It was stupid. There was no way to explain that he was letting something Neo Metal Overlord said rot in his head for months without sounding stupid. But the thing about Tangle—the thing Tails liked about Tangle—was that she was unapologetically sincere. She wasn’t afraid to be enthusiastic about things, or embarrassed even when she was clumsy and made mistakes. She said they were cool tail buddies, but Tangle herself wasn’t concerned with being cool. With being a hero, sure. But not with being cool. And she was best friends with someone who was just as much of a nerd as Tails himself was, albeit about different things. It didn’t matter that Jewel’s wardrobe consisted of nothing but pantsuits and that she unironically loved organizing. Tangle still thought she was one of the coolest people in the world.
So maybe, even though what he thought was stupid, it would be okay if he told Tangle. Maybe she wouldn’t think he was any less cool himself. And she probably meant it when she said she wouldn’t tell anyone; he hadn’t known her to ever lie before.
“Okay,” Tails said at length, and Tangle’s eyes lit up. “But I’m going to hold you to that. If you tell anyone, you’re out of the cool tail buddies club.”
Tangle put two fingers to her forehead, and popped them off in a salute. “Yessir! So, what’s got your tails all twisted? In the bad way, I mean.”
“It’s just . . .” He’d resolved to tell her, but even now, the words felt stuck in his throat. Tails wished he hadn’t flicked his pencil off the desk; he needed something to fidget with. He took a deep breath. “Do you ever wonder if—if maybe you’re . . . if despite anything, you’re just—holding people back? Or not . . . contributing what you should be?”
Tangle blinked, and sat up straight on the stool. “What?”
“I mean—” Tails swung one of his own tails up so he could fidget with the tip; he couldn’t look her in the eyes anymore. “You do your best. And you do contribute some things. But it’s—when it matters, when it really counts, you just . . . fall short. You have to rely on someone else for help, to save the day. And you—no one’s mad about it, and they’d never say it, and you do some things so you know you’re not totally useless, but you wonder if, if maybe . . .”

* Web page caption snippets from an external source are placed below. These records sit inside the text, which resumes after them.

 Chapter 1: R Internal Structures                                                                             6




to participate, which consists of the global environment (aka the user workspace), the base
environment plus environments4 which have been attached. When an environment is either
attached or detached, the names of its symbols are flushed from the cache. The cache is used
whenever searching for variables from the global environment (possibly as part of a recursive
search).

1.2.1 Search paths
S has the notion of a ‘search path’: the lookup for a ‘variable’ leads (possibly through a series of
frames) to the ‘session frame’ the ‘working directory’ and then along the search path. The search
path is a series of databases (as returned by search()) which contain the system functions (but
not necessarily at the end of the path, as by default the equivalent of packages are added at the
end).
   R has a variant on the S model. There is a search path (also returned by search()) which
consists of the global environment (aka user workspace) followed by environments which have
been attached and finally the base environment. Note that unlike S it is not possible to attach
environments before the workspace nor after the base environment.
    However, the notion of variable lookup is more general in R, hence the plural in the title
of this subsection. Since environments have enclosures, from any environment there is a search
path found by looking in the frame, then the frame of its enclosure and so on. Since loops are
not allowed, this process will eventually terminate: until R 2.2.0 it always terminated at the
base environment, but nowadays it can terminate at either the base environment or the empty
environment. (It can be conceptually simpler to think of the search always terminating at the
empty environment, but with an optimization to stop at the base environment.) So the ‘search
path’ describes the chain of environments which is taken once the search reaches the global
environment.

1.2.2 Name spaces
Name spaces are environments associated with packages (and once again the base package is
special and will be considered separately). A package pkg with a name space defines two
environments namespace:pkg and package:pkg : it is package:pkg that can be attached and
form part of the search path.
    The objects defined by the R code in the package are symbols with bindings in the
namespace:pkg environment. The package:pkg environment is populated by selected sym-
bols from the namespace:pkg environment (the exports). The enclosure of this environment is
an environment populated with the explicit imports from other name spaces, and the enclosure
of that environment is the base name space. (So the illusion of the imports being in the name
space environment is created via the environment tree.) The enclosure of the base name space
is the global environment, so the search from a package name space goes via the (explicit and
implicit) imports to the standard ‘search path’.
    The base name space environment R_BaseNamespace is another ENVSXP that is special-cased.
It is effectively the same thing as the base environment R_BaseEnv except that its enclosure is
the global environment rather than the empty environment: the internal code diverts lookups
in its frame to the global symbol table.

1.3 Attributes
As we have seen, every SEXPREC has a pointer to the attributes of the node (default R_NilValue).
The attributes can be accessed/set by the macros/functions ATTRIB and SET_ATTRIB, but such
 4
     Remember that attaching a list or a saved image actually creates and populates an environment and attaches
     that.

“If, maybe . . . you made one mistake too many?” Tangle offered, and Tails’ ears flattened against his head, his shoulders hunched as he cringed. “If maybe at first it could be passed off as you just being inexperienced, and not really knowing what you were up against, and so you underestimated the enemy and he got the jump on you because of that. But then later, after you knew better and could be trusted, you still got careless and your zombified best friend got the jump on you and turned you into a zombot, and so she realized she really couldn’t rely on you after all. And so the real reason she left you behind wasn’t because you were working with the Restoration and she felt that your place was with them, but was actually because she felt she couldn’t count on you as her backup anymore because you’d already let her down once, so who’s to say it won’t happen again? And you can’t even fault her for that, because you did let her down once and, anyway, if she wanted you along she would have let you go with her, but she didn’t and that means that if you go after her now, you’re disrespecting what she wants and are just going to get told to go home again because she doesn’t want and can’t count on you at all.”

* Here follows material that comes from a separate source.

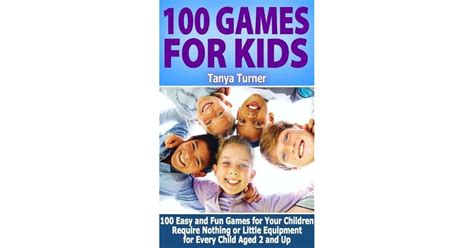 100 Games for Kids: 100 Easy and Fun Games for Your Children Require ...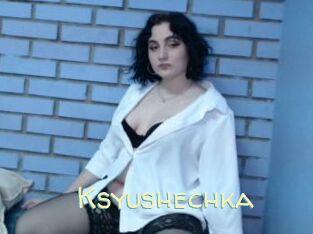Ksyushechka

Tails furrowed his brow halfway through Tangle’s speech, and by the time she was finished, confusion clouded his anxiety so thoroughly he could hardly feel it anymore. “Huh?”
Tangle blinked; for a moment, it looked as though she’d almost forgotten he was there. Then she laughed loudly, and waved a hand through the air as if dispelling smoke from burned cookies. “Just as, you know, a totally random and totally not specific or in any way real scenario.”
Tails frowned. “Right . . .”
“But, anyway. My totally random and not specific or in any way real example aside—am I hearing you right? You think you’re not contributing enough? You?” Tangle reached over with her tail again, and this time gave him a light push on his shoulder. “Have you seen all the stuff you’ve built? You’ve got two whole workshops filled, plus all that stuff at Restoration HQ. You’ve got a crazy amount of inventions! And you’ve saved the world, several times! And you’re only eight! You know what I was doing when I was eight? I was parkouring off cliffs, and not even on purpose. Jewel didn’t get those guns of hers by hauling rocks around her museum, let me tell you. She got them from hauling my sorry butt back up from the cliff I threw myself down for the third time in a week.”
Tails chuckled. “Yeah. But—”
“But nothing.” Tangle flopped her tail on top of Tails’ head, and he brushed it away. “You are hands down the coolest eight-year-old I’ve ever seen in my life. So what if you need help sometimes? Everyone does, and you should know; you help people all the time. So why’s it bad for you to get helped back, huh?”
“It’s not bad. I just . . .” Tails flailed a hand, gesturing to nothing. “I’ve been doing this for a long time now. I just feel like maybe I should be . . . better, by now.”
“Well . . .” Tangle tilted her head side to side, considering. “That’s not a . . . bad thing, maybe. I mean, don’t get me wrong, you’re totally awesome and should have way more confidence in yourself. But if you were totally satisfied, then you couldn’t get even better, right? You’d stop trying. And there’s no way this world would be able to handle it if you stopped trying, so that would be no good.”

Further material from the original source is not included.